> _Task goal_: Reproduce exactly the line containing "Malaxy Hollow Wall" and each line after it until the listing ends, leaving pictures out.

> _Information shown_:
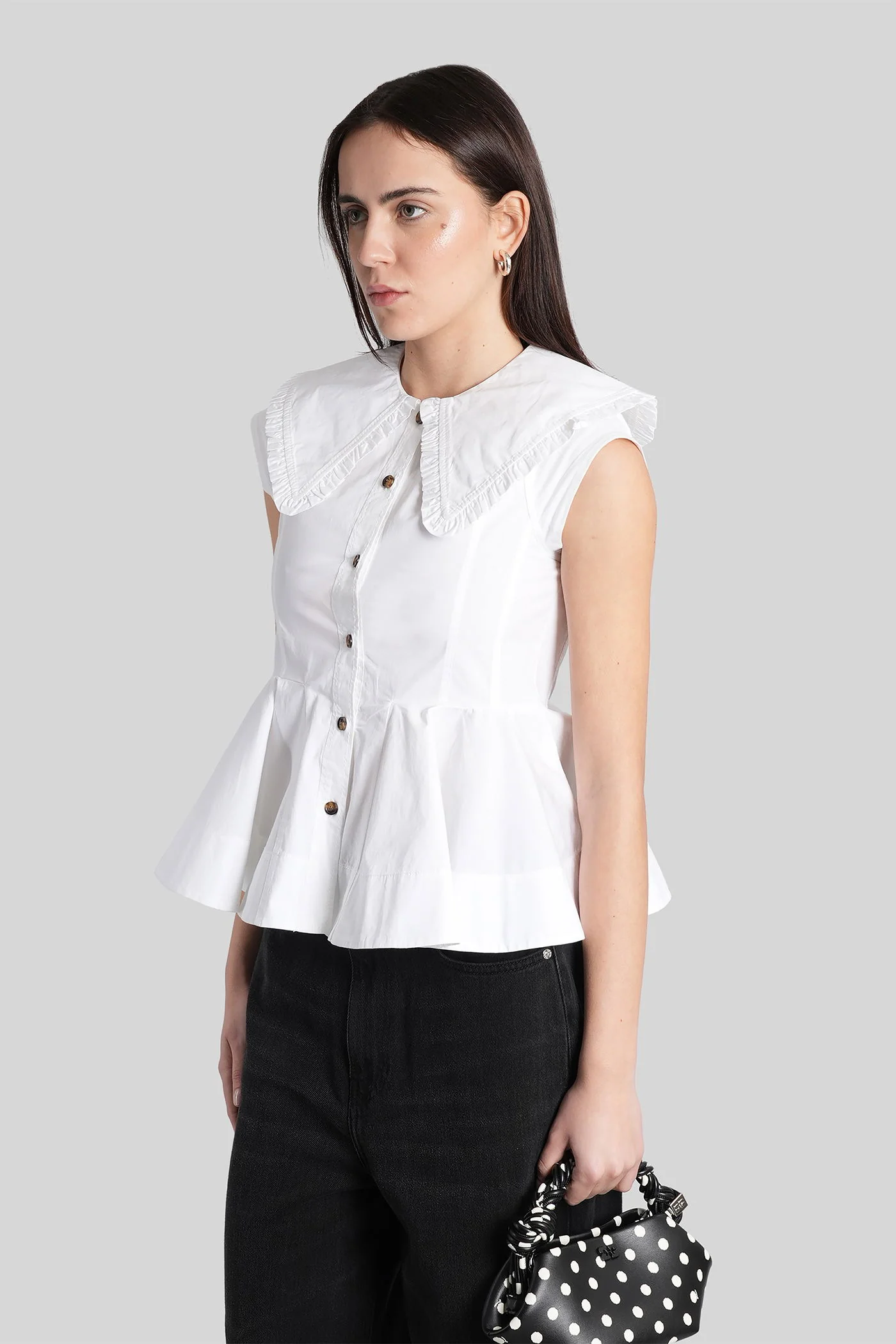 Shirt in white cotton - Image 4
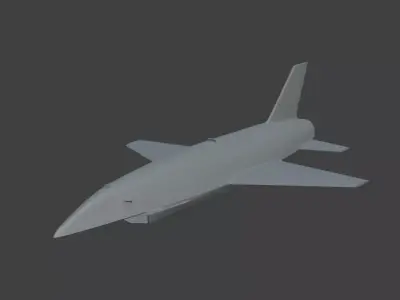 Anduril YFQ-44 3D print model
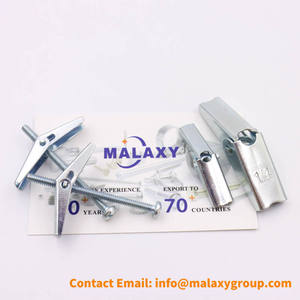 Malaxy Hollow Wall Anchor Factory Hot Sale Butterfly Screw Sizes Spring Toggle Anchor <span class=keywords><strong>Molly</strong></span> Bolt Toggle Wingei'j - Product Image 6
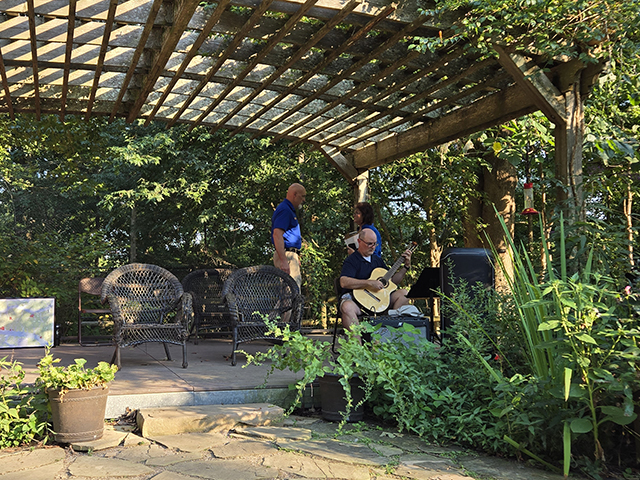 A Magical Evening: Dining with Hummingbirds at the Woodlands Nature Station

> _Answer section_:
 Malaxy Hollow Wall Anchor Factory Hot Sale Butterfly Screw Sizes Spring Toggle Anchor <span class=keywords><strong>Molly</strong></span> Bolt Toggle Wingei'j - Product Image 6
 A Magical Evening: Dining with Hummingbirds at the Woodlands Nature Station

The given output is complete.